START Data block
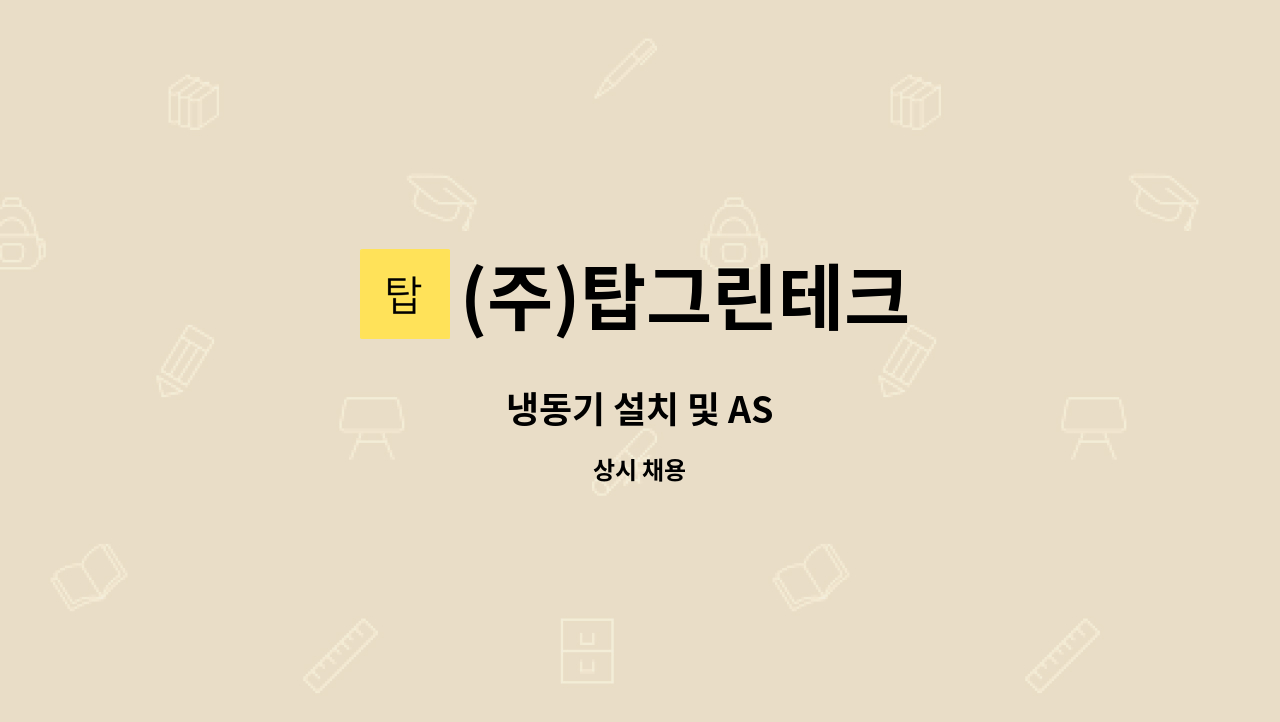(주)탑그린테크 - 냉동기 설치 및 AS : 채용 메인 사진 (더팀스 제공)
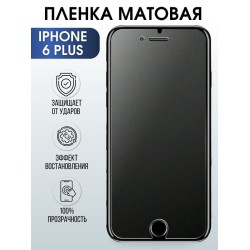 Защитная гидрогелевая пленка на телефон IPHONE 6 PLUS, матовая для защиты экрана телефонов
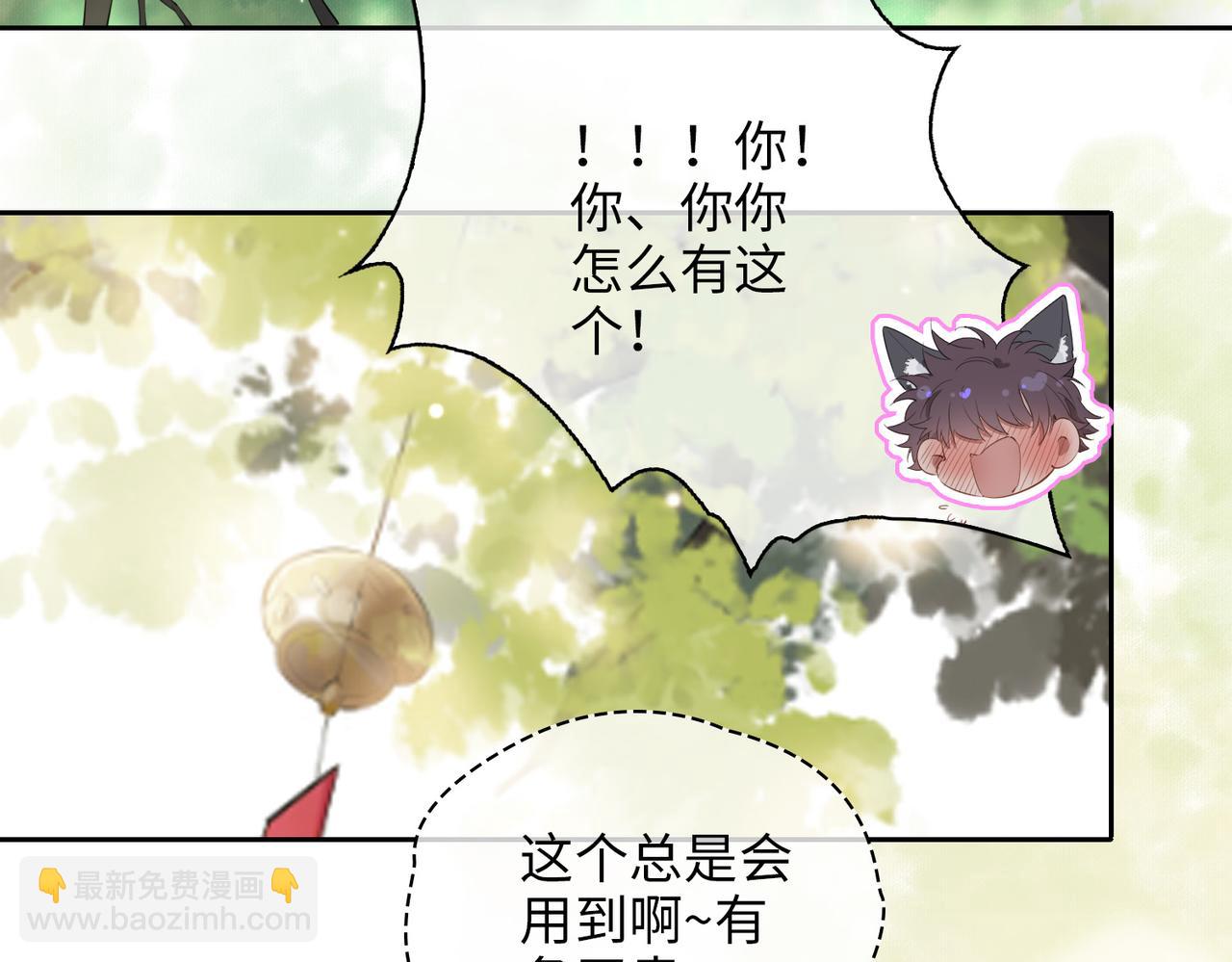 第73话 真正的家人(1/2)-第83话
END Data block
- Work instruction: What you return should match the material line for line, with the images removed.

- Task output:
(주)탑그린테크 - 냉동기 설치 및 AS : 채용 메인 사진 (더팀스 제공)
 Защитная гидрогелевая пленка на телефон IPHONE 6 PLUS, матовая для защиты экрана телефонов
 第73话 真正的家人(1/2)-第83话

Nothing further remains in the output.